═══ Material to process
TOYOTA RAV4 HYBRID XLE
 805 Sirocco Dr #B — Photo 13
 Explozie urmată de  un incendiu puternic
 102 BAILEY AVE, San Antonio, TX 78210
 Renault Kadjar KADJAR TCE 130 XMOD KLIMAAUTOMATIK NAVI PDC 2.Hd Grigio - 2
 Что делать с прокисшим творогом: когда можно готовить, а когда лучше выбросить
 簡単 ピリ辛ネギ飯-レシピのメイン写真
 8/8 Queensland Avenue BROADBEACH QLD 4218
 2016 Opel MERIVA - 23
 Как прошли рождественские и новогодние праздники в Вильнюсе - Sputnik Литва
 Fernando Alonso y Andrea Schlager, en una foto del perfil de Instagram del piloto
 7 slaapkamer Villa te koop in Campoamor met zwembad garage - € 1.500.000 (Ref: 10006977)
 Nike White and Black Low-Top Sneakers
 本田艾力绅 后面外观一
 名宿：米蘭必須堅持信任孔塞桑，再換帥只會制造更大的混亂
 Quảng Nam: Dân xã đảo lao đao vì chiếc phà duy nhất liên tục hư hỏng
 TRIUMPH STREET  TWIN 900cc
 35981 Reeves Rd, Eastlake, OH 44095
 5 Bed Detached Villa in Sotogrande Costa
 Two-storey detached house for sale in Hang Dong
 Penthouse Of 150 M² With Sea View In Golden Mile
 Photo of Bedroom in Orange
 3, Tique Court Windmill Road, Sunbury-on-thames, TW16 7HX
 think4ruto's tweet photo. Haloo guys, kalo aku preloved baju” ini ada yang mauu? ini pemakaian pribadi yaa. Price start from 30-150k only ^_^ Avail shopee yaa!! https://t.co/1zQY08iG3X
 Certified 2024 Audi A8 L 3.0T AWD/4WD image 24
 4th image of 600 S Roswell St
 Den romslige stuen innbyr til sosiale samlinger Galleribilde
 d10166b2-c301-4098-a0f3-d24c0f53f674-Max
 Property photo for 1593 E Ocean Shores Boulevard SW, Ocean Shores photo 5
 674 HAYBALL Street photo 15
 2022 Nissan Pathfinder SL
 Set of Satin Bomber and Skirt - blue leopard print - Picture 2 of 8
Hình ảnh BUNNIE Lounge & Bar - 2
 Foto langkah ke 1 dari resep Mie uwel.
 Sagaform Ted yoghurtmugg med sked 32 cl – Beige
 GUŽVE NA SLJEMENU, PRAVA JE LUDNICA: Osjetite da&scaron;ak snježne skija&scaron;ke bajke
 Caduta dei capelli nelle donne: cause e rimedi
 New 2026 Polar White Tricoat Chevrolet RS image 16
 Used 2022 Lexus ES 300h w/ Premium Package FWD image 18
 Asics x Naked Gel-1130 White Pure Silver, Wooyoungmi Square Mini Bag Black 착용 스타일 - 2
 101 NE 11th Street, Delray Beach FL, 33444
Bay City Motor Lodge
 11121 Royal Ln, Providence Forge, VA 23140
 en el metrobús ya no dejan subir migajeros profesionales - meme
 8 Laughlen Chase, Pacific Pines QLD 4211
══════
Task brief:
Look over the entries above. Copy every line that contains the word "Villa".

Solution:
 7 slaapkamer Villa te koop in Campoamor met zwembad garage - € 1.500.000 (Ref: 10006977)
 5 Bed Detached Villa in Sotogrande Costa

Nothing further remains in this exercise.